No, Paul did not graduate from college. Do you know who else didn’t graduate from college? Steve Jobs, Bill Gates, Ted Turner, Ellen DeGeneres, Larry Ellison, Henry Ford, and, shall I go on? Their net worth is incalculable. Their contributions to society reach every phase of our day-to-day life. Just imagine if one of them had rules put in place to slow them down. Where would our world be now? Enter the NCAA, whose bureaucratic nonsense is trying to do that to Rich Paul.
In another misguided decision, the NCAA sent out a memo to basketball agents on Monday outlining new requirements to represent players considering entering the NBA Draft. Among them: holding a bachelor’s degree. That means Paul, who represents LeBron, Davis, Ben Simmons, Draymond Green and others, would not be able to represent underclassmen who are testing the NBA Draft waters. Why?
Because he doesn’t have a degree. That’s it. Guess who that’s hurting? The college athletes. Why am I not surprised the NCAA is behind that?
Paul is one of the most knowledgable, connected agents out there at this point, and if you need further proof, look at his roster of All-Star clients. They wouldn’t put their future in the hands of someone who is incompetent.
He’s learned the agent game alongside the biggest star of this generation from the smartest people in the industry. Now he’s helping reshape the league and giving players exactly what they’ve always wanted: unbridled power.
If I was a top college player, Paul would be one of the first agents I called to learn more about the inner workings of the business. He’s seen it all while at LeBron’s side for the last 20-plus years. He’s seen what it’s like transitioning from teenage star to NBA legend. Who better to lead a career coming out of college?
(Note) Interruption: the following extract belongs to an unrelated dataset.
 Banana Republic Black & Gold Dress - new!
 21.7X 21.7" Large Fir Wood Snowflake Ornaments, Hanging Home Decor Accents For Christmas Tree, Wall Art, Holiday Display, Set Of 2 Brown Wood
Of course, Paul will likely find a way around this new rule. Now that Klutch Sports Group has merged under United Talent Agency, he can have other agents in his team work with the college prospects, while he orchestrates everything in the background like a pupptetmaster. But he shouldn’t be in the background. He should be front and center. He’s earned that right. Even if the NCAA doesn’t think so.